Heading for Loire region with bikes and an inflatable canoe.
Any suggestions for some bike rides and calm river areas would be most welcome
Thanks


----------



## Sprinta (Sep 15, 2010)

I'd like to plan ahead for next year's trip abroad, but I reckon it may turn into a "follow my nose" event.

I've done that before on motorbike, with fussy wife behind, and had a lovely time. Fussy as in "I want wholemeal rolls and a banana" for lunch :lol: 

I think the best plan is not to plan - you don't even neede to worry about where to sleep at night, your bed is being carried with you. Just go and enjoy! 

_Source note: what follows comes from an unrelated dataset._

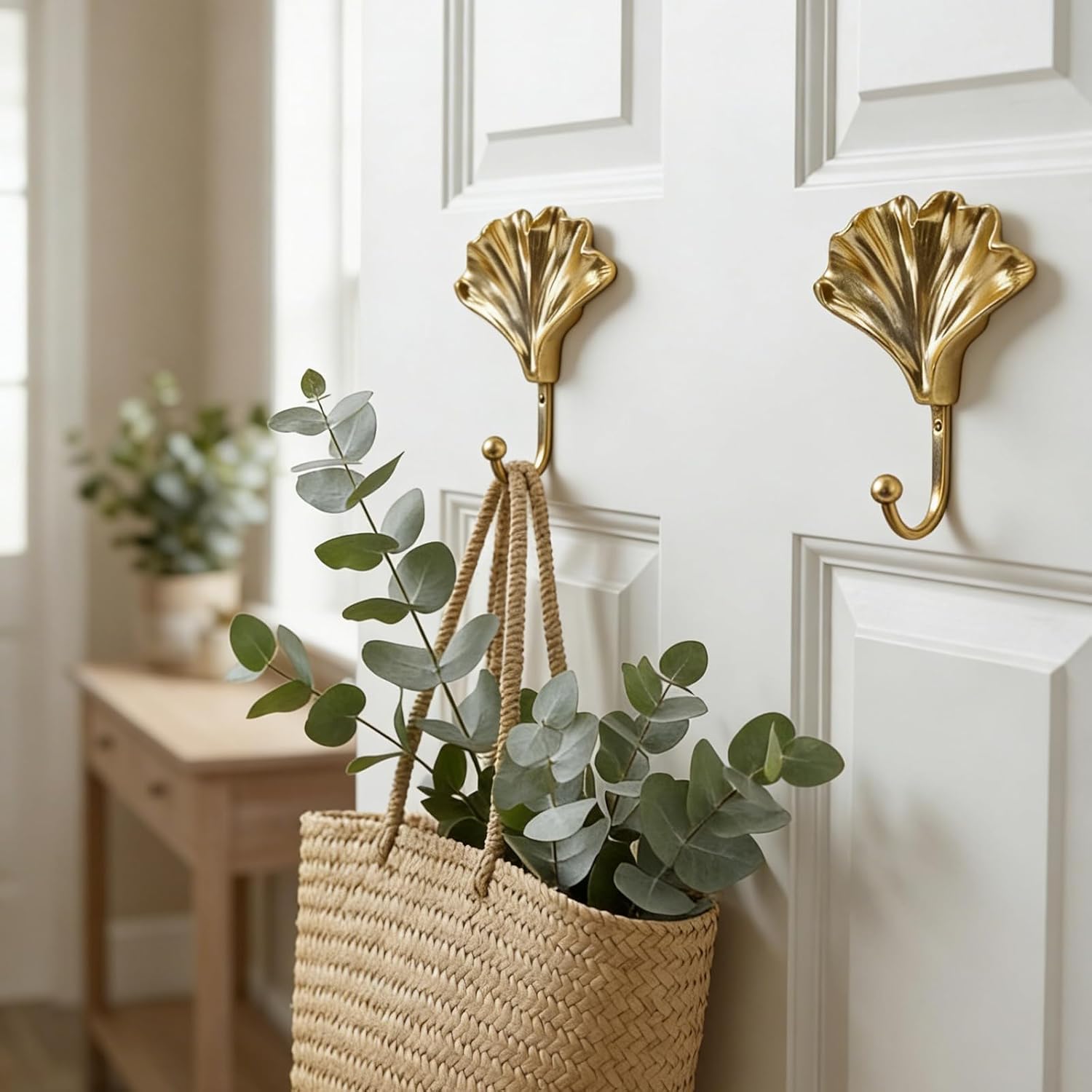 DiliComing Decorative Wall Hooks Room Decor - 2pcs Gold Hook Resin Coat Rack Wall Mount Ginkgo Leaf Shape Coat Hooks for Bathroom Entryway Key Holder Purse Hat Clothes Towel Home Decor Gift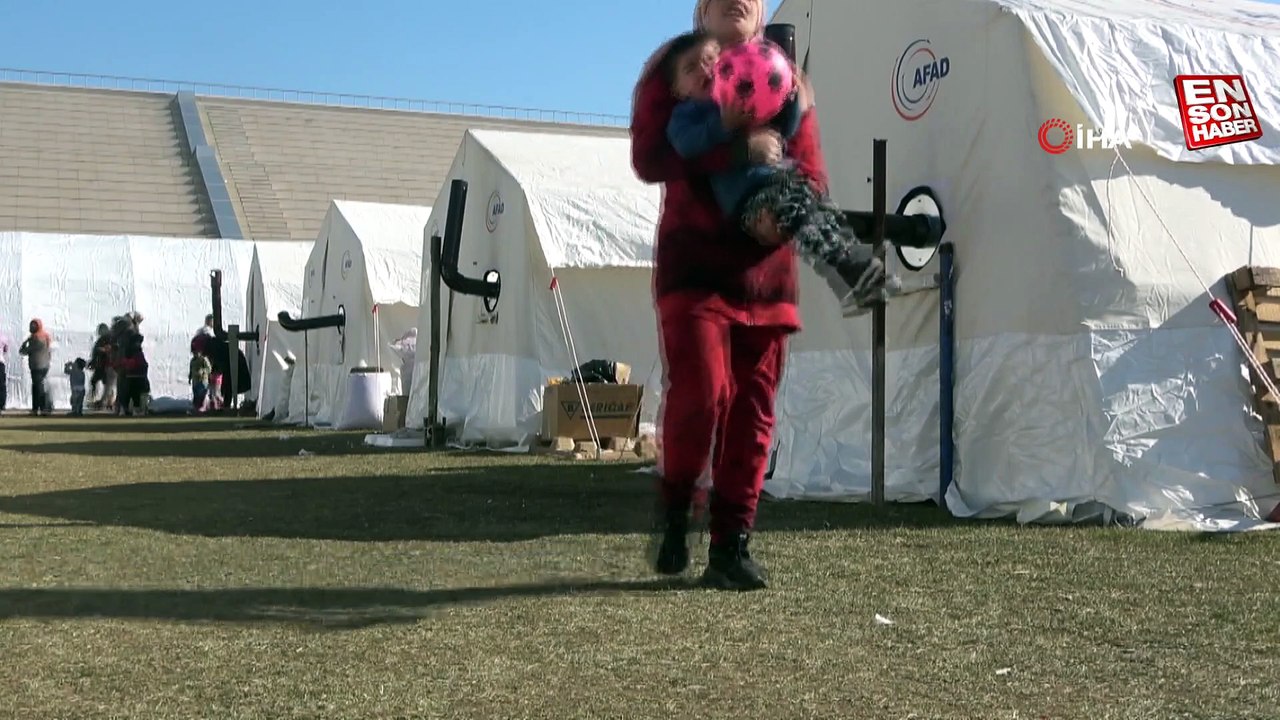 Kahramanmaraş’ta meydana gelen depremin ardından kurulan çadır kent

Now can I follow my own suggestion next year? :?


----------



## Cornishaich (Oct 18, 2009)

DABurleigh said:


> We found motorhoming freedom when we had a clear strategy but not a plan
> 
> Dave


How very true and I love it! We are doing just that for the whole of November.


----------



## rayrecrok (Nov 21, 2008)

Hi.

The only plan you need is "Turn right out of Calais", then go with the flow..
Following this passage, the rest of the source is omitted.